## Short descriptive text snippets
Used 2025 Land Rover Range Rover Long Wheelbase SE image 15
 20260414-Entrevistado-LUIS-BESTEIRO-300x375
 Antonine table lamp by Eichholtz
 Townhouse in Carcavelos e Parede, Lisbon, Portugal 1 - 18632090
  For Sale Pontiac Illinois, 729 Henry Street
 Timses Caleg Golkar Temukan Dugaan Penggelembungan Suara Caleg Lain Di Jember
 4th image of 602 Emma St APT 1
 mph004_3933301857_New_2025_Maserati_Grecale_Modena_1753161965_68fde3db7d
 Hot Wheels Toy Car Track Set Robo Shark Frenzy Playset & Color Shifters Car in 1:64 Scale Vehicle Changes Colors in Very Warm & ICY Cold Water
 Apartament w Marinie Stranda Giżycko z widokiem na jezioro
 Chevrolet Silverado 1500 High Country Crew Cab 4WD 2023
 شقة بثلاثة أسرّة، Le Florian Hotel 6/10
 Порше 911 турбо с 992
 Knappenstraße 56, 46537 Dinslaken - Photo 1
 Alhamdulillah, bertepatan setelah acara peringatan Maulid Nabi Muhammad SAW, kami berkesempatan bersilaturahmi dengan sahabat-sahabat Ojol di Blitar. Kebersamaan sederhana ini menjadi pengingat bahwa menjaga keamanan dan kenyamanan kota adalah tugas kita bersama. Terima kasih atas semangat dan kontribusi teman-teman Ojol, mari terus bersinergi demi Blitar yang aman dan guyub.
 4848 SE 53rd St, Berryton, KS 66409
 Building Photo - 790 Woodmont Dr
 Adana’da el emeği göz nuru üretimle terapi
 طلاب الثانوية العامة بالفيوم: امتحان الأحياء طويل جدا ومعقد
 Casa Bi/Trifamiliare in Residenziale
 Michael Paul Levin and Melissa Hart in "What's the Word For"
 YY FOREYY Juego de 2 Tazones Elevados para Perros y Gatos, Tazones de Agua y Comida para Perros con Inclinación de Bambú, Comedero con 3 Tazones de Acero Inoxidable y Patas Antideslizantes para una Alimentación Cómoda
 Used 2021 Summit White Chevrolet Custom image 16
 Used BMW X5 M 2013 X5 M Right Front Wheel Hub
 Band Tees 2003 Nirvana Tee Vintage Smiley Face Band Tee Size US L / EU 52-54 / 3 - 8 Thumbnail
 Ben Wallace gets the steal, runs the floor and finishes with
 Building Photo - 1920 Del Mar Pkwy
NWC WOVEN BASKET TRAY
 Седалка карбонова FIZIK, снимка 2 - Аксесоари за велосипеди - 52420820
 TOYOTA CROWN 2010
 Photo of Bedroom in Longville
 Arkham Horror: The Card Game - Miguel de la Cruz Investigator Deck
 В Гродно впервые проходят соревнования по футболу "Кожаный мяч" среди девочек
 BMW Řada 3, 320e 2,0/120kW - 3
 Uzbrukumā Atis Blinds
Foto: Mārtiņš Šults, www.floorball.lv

## To do
Beginning with the line that contains "Photo of Bedroom in Longville", restate word for word each line through the last one in the data, and write nothing more.

## Problem solution
 Photo of Bedroom in Longville
 Arkham Horror: The Card Game - Miguel de la Cruz Investigator Deck
 В Гродно впервые проходят соревнования по футболу "Кожаный мяч" среди девочек
 BMW Řada 3, 320e 2,0/120kW - 3
 Uzbrukumā Atis Blinds
Foto: Mārtiņš Šults, www.floorball.lv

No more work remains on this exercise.